Além destas questões éticas e de gestão, a minha maior barreira com esta mudança na tipologia de consulta, foi a consequente mudança na comunicação. Perder o acesso aquilo que “não é dito”. Já não é possível reconhecer um “encolher de ombros”, uma “postura defensiva” ou uma lágrima no canto do olho. Não fomos treinados a interagir desta forma, o que faz com que parte da informação já não seja compreendida. Enquanto médica, saio frustrada deste tipo de consulta e acredito que crie uma certa desilusão e angústia no utente. No entanto, tenho consciência de que não sou a única profissional de saúde com este sentimento… e, observando os colegas que me servem de exemplo, sinto que a adaptação a este “novo normal” com a sua “nova” prática clínica, está a conduzir a um lento e progressivo burnout da classe médica – Colegas que fizeram da Medicina Geral e Familiar carreira e vida, que se agarram ao trabalho com paixão todos os dias e que me inspiraram a seguir este percurso, mas que, na tentativa de manterem os níveis dos cuidados através das tecnologias, e devido ao volume de trabalho diário, ficam exaustos, frustrados e desiludidos com a sua atividade. O erro que surge como resultado das alterações do foro biopsicossocial do médico são uma realidade e é urgente encontrarmos estratégias que o previnam.
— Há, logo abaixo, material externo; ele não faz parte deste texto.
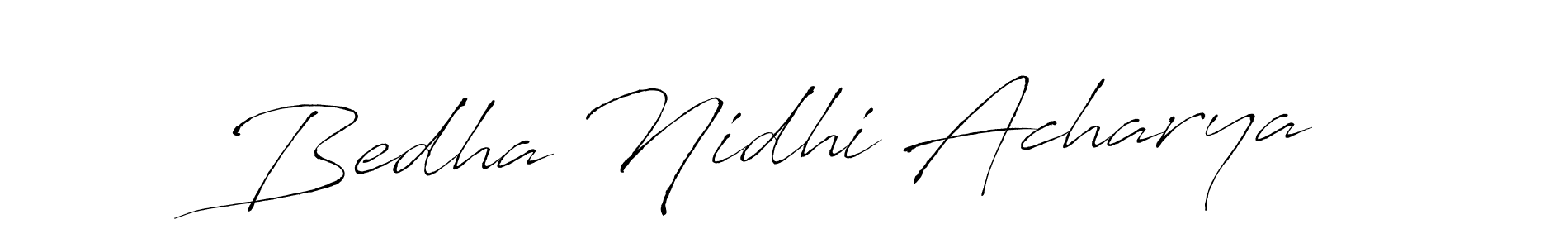 You should practise on your own different ways (Antro_Vectra) to write your name (Bedha Nidhi Acharya) in signature. don't let someone else do it for you. Bedha Nidhi Acharya signature style 6 images and pictures png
Há que valorizar a capacidade de adaptação do Serviço Nacional de Saúde nestes tempos de dificuldade. A teleconsulta, um dos mecanismos adaptativos, foi essencial para conseguirmos dar resposta a problemas dos utentes, mesmo à distância. Mas, ainda que eu reconheça o potencial e os benefícios inerentes a esta tipologia de consulta, tenho, também, muito receio da falta de legislação e protocolos, bem como das falhas que podem advir da ausência de um exame físico ou das falhas da comunicação no seu todo.

Na minha perspetiva, a teleconsulta é um recurso a manter e a aprimorar no futuro, para benefício de determinados utentes, mas que, na minha opinião, nunca conseguirá substituir por completo a consulta presencial.